Radio Österreich International (RÖI) (Austrian Radio International) was an international shortwave radio station broadcast by ORF. RÖI ceased operations in 2003.

==History==
RÖI was launched in 1955 by order of the Federal Chancellery with the objective of increasing awareness of Austria in other countries. The radio station was broadcast worldwide on various shortwave frequencies. At the end of the 1990s, it was also broadcast on Astra Digital Radio. The station's headquarters and transmitters were located in Moosbrunn, on the outskirts of Vienna.

== Programming ==
RÖI programs were broadcast in different languages.

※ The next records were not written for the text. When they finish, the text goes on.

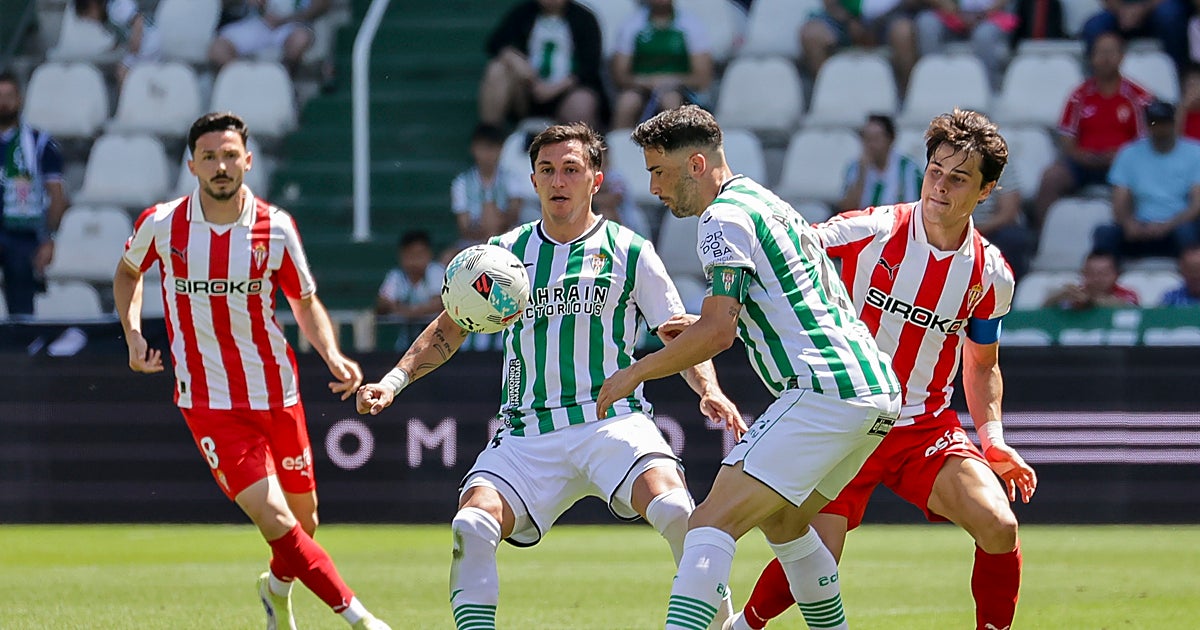 El Córdoba CF y la dificultad de hacer un pleno triunfal en dos jornadas consecutivas en El Arcángel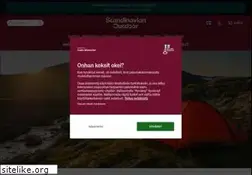 Sites similar to scandinavianoutdoorstore.com
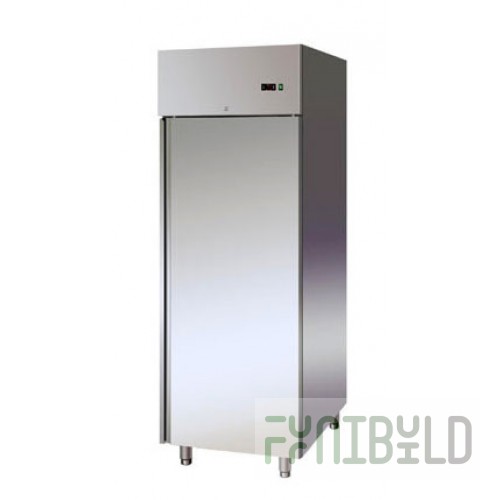 Freezer cabinet Gastrorag GN650 BT solid door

The most prominent programs were:
- Österreich-Journal (Austria Journal). Broadcast several times every day.
- Intermedia (since 4. April 1997, originally called Kurzwellenpanorama)
- Bundesländermagazin (magazine show covering the Austrian states)
- Report from Austria

RÖI News content was produced by various ORF national radio stations.

==Funding cancellation and closure==
In 2000, the Federal Chancellery, under the cabinet Schüssel reduced the station's budget, leading to fewer programs. Some foreign offices also had to be closed. Despite budget cuts, ORF was able to complete a modernization program for both transmitters and station offices by the end of 2000.

In 2002 the Federal Chancellery ended financial support of the channel. ORF attempted to continue broadcasting and adopted a new schedule. To cut costs, existing recorded programs from other national broadcasters were rebroadcast - for example, including Radio Ö1, FM4 and Ö3. Regional station Ö2 contributed folk music.

At the end of 2003, despite protests from staff and members of the public, the National Board of Governors formally dissolved Radio Österreich International, ostensibly for financial reasons. ORF transmitters and offices are now leased to other international radio stations.

== Ö1 International ==

After the closure of Radio Österreich International, ORF continued to broadcast Radio Ö1 worldwide on shortwave, but with strongly reduced coverage and audio quality. Only one element from the old RÖI programme schedule remained: the Report from Austria. Report from Austria replaces the normal Ö1 schedule at various times during the day.

== Other foreign language productions ==
Other Austrian national broadcasters retain some foreign-language programmes in their schedules.

- News in French in the Ö1 morning journal.
- News in French on FM4, also in the morning.